Author: Revolution Cooperative
Student Researchers: Susanna Gibson, Cedric Therene, and Chris Armanino
Faculty Evaluator: Keith Gouveia, JD
In August 2007, one of the biggest and best-known American charity organizations, CARE, announced that it was turning down $45 million a year in food aid from the United States government. CARE claims that the way US aid is structured causes rather than reduces hunger in the countries where it is received. The US budgets $2 billion a year for food aid, which buys US crops to feed populations facing starvation amidst crisis or enduring chronic hunger.
The organization’s announcement prompted argument about the forms and objectives of the aid given by the US and other big powers to third world countries and the role that most charity organizations are playing. The reasoning behind CARE’s decision is part of a years-long debate that has influenced everything from US trade and domestic legislation to the Doha Round of the World Trade Organization talks.
CARE’s 2006 report, “White Paper on Food Aid Policy,” points out that the current food aid program is motivated by profit rather than altruism. The policy, which dictates that donated money be used to purchase food in the home country, results in a program driven by “the export and surplus disposal objectives of the exporting country” and not the needs of people in hunger.
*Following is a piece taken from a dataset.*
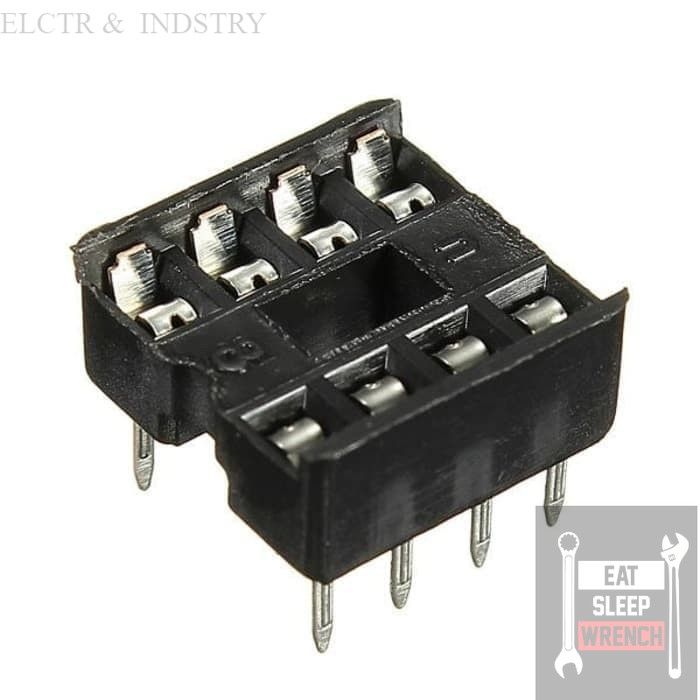 Socket IC 8 Pin DIP8 IC Transistor dan mosfet Lazada Indonesia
The US policy implements the practice of monetization, a food aid policy in which the US government buys surplus food from American agribusinesses that have already been heavily subsidized, and ships it via US shipping lines (generating transport costs that eat up much of the $2 billion annual food aid provided by the US government) to aid organizations working around the world. The aid organizations then sell the US-grown crops to local populations, at a dramatically reduced cost. The aid organizations use proceeds from these sales to fund their development and anti-poverty programs. But several groups, with CARE at the forefront, have pointed out that this policy has the effect of undermining local farmers and destabilizing the very food production systems that aid organizations are working to strengthen.
A policy that puts local farmers out of commission and undermines agriculture in developing countries becomes part of a process by which those countries lose the means to develop—and thus grow more dependent on the stronger and more dominant nations. These countries become more vulnerable in every sphere, not only economically but politically as well. The result is likely to be more hunger and less sovereignty as countries are tied ever more tightly to the world market.
“We are not against emergency food aid for things like drought and famine,” CARE spokeswoman Alina Labrada said, “but local farmers are being hurt instead of helped by this mechanism.”
The European Union has also been critical of the US food aid program. European countries all but phased out the practice of monetization in the 1990s. Only 10 percent of their budgeted food aid is reserved for crops grown in Europe. Suspicions remain that the US uses monitized food aid programs to avoid limits on its universally contested farm subsidies.
The UN World Food Programme, the largest distributor of food aid in the world, has rejected the practice of monetization and does not allow its grain to be sold by NGOs.
The past two US congressional farm bills presented proposals to shift portions of the food aid budget from grain to cash donations, to be made available for people in need to buy locally grown crops. Both attempts were voted down.